Rémi Maréchaux, Africa and Indian Ocean Director at the Ministry for Europe and Foreign Affairs, explains the challenges for French diplomacy in Africa

On account of their geographical proximity, their long history and intense human interactions and exchanges, France and Africa’s ties are close and multidimensional.

Our relationship reflects the strength of human connections. As our nearest neighbour, Africa has become part of our identity through a common history and African diasporas in France. While many of our citizens’ roots are in Africa, more than 150,000 French people are living in sub-Saharan Africa (and nearly 500,000 on the continent overall). France is also part of the African region with its two departments in the Indian Ocean, Réunion and Mayotte, where over one million French people live.

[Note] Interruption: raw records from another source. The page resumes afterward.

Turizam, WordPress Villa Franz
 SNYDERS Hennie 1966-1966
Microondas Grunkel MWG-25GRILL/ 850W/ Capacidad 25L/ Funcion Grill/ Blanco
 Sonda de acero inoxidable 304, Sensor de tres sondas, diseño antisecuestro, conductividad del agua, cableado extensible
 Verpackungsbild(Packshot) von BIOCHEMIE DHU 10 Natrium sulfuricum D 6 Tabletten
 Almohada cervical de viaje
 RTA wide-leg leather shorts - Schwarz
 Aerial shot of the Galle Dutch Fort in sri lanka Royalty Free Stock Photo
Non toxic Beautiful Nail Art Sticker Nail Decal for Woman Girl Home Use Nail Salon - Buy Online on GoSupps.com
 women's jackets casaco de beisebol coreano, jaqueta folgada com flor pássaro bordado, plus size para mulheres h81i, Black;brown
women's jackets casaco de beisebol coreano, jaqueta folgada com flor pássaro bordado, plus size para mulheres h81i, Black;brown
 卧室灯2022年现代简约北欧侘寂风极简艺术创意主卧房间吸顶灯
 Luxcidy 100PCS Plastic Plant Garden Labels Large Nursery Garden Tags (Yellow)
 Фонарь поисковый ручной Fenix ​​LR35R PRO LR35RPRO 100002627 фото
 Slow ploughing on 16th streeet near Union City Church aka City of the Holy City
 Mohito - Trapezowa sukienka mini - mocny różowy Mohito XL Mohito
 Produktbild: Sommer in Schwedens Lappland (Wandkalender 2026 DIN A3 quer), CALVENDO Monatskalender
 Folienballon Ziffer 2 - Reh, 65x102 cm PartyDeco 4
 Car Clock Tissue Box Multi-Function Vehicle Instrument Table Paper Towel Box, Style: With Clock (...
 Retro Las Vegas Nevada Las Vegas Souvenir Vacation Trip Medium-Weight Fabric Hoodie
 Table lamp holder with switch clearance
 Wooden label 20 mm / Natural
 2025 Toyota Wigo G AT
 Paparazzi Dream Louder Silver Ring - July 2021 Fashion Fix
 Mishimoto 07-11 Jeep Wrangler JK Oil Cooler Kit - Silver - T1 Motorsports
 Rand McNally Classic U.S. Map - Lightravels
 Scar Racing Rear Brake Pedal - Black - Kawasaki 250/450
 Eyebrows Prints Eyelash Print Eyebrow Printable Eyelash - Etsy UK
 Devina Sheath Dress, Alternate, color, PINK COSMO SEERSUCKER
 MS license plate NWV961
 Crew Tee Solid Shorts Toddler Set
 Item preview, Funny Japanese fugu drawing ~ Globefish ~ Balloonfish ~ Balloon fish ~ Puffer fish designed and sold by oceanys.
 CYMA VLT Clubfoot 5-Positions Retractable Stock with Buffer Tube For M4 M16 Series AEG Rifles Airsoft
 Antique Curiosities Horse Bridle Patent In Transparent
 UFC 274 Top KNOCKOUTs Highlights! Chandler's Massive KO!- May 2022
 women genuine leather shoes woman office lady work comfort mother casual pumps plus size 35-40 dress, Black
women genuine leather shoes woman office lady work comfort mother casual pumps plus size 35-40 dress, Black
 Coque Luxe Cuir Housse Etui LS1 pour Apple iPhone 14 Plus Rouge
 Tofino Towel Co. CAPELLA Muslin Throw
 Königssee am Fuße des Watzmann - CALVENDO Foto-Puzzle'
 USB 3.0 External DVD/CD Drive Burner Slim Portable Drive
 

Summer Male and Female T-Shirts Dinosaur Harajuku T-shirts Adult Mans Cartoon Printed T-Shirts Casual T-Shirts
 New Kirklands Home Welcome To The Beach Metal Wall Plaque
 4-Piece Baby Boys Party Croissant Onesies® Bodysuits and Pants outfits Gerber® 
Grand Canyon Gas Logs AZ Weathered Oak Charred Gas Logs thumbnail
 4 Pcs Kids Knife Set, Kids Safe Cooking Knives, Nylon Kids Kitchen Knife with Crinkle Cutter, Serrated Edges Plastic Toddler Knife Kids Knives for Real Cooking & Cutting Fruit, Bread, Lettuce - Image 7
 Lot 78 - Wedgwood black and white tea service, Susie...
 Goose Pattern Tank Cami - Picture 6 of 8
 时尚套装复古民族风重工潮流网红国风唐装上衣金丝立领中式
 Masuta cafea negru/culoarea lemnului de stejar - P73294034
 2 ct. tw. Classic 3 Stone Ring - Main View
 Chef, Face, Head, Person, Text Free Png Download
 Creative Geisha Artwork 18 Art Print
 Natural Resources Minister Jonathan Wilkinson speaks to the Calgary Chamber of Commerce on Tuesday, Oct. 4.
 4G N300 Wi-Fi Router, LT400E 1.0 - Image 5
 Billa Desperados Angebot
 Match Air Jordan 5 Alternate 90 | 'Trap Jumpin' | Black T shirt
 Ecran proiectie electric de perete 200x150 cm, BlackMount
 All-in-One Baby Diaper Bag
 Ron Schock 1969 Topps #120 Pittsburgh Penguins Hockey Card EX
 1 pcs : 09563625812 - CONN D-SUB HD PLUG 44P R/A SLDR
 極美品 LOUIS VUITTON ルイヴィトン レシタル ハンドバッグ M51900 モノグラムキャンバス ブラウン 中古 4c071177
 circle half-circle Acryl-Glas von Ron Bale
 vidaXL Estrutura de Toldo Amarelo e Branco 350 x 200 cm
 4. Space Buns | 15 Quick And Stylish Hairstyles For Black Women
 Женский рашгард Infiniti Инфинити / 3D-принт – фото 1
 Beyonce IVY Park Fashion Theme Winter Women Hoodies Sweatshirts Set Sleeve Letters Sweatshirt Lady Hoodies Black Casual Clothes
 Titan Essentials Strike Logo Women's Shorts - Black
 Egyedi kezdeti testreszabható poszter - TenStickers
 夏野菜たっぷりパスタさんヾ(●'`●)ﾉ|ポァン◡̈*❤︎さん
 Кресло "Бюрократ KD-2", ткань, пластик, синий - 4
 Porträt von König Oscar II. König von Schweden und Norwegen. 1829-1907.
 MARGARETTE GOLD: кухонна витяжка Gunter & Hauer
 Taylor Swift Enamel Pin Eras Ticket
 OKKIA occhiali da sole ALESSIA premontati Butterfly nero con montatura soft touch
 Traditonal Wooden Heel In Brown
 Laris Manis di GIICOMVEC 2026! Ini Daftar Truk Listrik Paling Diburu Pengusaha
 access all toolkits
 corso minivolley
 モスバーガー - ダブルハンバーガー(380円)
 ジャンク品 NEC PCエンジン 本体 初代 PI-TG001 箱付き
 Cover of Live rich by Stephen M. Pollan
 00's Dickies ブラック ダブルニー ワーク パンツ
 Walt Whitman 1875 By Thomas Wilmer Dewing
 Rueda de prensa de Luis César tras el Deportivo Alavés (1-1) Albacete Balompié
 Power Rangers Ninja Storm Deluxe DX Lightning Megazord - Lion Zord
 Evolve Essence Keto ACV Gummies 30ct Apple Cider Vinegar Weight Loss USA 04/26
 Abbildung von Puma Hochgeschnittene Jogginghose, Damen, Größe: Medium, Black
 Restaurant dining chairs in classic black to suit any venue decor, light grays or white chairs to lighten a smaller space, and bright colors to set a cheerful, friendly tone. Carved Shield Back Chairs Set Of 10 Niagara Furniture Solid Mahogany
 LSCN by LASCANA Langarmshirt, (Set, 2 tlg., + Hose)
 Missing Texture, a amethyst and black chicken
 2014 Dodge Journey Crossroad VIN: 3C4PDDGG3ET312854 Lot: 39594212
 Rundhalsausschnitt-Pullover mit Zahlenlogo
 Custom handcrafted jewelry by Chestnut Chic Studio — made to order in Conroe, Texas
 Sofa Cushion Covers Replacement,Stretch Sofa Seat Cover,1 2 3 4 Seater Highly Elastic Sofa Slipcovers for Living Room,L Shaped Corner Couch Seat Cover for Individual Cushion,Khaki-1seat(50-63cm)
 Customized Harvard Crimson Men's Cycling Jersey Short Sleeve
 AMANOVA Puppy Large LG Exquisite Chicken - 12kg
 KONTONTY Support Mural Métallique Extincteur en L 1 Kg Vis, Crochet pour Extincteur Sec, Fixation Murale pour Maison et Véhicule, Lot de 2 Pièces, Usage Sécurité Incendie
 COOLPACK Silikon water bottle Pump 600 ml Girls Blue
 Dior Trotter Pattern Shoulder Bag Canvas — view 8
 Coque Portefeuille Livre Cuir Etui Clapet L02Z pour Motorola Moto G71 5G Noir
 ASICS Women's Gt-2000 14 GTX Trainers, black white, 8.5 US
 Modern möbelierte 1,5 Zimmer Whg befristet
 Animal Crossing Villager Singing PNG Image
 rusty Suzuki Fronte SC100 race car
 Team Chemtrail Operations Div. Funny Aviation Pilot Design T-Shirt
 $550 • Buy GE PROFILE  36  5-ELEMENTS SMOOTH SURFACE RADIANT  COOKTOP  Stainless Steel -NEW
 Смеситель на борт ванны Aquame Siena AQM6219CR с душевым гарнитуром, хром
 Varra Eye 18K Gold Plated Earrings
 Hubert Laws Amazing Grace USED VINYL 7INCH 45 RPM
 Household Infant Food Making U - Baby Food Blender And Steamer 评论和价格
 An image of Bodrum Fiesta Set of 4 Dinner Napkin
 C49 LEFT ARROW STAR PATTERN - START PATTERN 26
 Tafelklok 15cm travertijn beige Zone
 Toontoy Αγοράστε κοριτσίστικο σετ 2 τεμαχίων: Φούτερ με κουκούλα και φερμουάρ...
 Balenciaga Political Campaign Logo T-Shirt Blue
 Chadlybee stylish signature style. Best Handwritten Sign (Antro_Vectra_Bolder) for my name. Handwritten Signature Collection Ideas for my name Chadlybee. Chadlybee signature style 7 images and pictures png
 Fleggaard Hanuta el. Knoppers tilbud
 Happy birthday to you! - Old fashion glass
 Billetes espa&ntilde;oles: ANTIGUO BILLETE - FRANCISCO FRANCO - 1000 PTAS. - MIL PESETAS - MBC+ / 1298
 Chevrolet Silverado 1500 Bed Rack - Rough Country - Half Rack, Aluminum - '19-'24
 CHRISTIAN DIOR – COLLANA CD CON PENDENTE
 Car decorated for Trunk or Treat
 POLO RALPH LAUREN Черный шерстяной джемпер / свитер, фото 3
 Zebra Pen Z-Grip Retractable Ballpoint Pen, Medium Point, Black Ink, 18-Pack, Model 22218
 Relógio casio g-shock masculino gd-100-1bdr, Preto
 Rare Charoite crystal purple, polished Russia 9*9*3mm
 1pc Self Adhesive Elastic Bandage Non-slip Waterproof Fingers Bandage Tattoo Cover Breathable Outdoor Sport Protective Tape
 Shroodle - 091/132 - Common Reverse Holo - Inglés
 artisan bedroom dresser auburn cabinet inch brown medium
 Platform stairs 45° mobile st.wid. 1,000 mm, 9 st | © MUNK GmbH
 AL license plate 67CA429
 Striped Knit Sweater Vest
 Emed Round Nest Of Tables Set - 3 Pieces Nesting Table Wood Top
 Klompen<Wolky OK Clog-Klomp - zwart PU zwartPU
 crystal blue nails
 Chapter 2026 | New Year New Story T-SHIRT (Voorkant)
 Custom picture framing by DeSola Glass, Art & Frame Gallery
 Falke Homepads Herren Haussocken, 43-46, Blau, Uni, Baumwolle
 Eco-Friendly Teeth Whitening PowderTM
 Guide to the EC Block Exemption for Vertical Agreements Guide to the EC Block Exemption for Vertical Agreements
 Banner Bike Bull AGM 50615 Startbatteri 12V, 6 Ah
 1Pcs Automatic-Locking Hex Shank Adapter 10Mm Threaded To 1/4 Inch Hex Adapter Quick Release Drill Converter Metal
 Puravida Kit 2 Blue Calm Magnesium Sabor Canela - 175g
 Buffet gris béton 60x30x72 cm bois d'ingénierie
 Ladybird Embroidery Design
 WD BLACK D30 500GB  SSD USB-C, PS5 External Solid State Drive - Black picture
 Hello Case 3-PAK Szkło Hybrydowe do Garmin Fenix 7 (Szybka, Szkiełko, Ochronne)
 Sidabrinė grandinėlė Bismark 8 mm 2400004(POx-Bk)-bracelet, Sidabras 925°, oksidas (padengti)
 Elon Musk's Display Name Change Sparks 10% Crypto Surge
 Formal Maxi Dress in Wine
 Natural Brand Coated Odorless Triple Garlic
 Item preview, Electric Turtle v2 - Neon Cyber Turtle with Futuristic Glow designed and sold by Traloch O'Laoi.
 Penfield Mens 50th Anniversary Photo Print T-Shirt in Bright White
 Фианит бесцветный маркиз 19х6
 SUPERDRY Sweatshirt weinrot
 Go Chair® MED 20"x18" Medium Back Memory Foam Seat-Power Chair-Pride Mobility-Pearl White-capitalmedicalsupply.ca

In many respects, our present and future are closely linked to Africa’s. To a great extent, African countries’ prosperity and security determine our own for many reasons:

  • Since France and Africa share security and counter-terrorism challenges, it stands to reason that we would extend our efforts and vigilance to African countries. Peace and security in Africa also determine our stability. That is why France is active in Sahel;
  • Despite being truly heterogeneous, Africa is currently experiencing very strong economic growth, which is expected to continue into the decades ahead. Africa’s growing prosperity and vitality generate new opportunities for our companies as France is one of the continent’s main economic partners and its number-two trading partner in Europe. Our companies should be able to directly contribute to this growth through their investments and the creation of added value in Africa. Given our strong potential for synergy, our mutually productive economic relations with African countries need to be enhanced;
  • Emerging global problems, from climate change to migration management, can only be solved with strong African engagement. They will also be impacted by the exceptional demographic growth to be seen in Africa in the 21st century. Its population is expected to increase from 1.2 billion today to 2.5 billion in 2050 amid intense urbanization;
  • The future of the French language and Francophonie principally lies in Africans’ hands and the rapid spread of our language will be a challenge and advantage to be addressed with them;
  • Like us, African countries are committed to defending multilateralism and their interests are aligned with ours when it comes to promoting better global governance.

Ever since African countries declared their independence, France has made the choice to develop strong relations with sub-Saharan African States. We are represented by 42 embassies in 49 sub-Saharan African States, which are at the helm of a dense and diversified public network in the areas of education, culture, science and the economy (cultural institutes and Alliance Française branches, French lycées, Agence Française de Développement, research institutes, etc.).

France has legitimate interests in Africa that it would like to promote through a partner-based approach founded on transparency and reciprocity.

That is the focus of the speech President Macron gave on 28 November 2017 at University Ouaga I Pr Joseph Ki-Zerbo in Ouagadougou. He set out a series of detailed commitments for forging a new relationship and a new outlook for France and Africa.

The Ouagadougou speech is innovative. African countries are our partners. President Macron explained a series of commitments to African youth, regarding the education of girls, entrepreneurship and mobility. In general, he gives priority to jobs, which first of all depend on investment in the private sector and innovation. The challenge is to help young people to determine their own future on their continent.

He confirms a substantial rise in our official development assistance as part of a solidarity-based policy to invest in a common future. Lastly, he introduces a change in approach and method, not only regarding the issue of cultural goods but also the growing role that African diasporas should have in this relationship.

This five-year programme will be interspersed with important events including a Season of African Cultures in France (Africa 2020), for which N’Gone Fall was appointed General Commissioner, and the 2020 Africa-France Summit with the theme of sustainable development. The G7 under the French Presidency in 2019 will put forward the idea of a partnership with Africa inviting several African countries to participate in work to fight inequalities.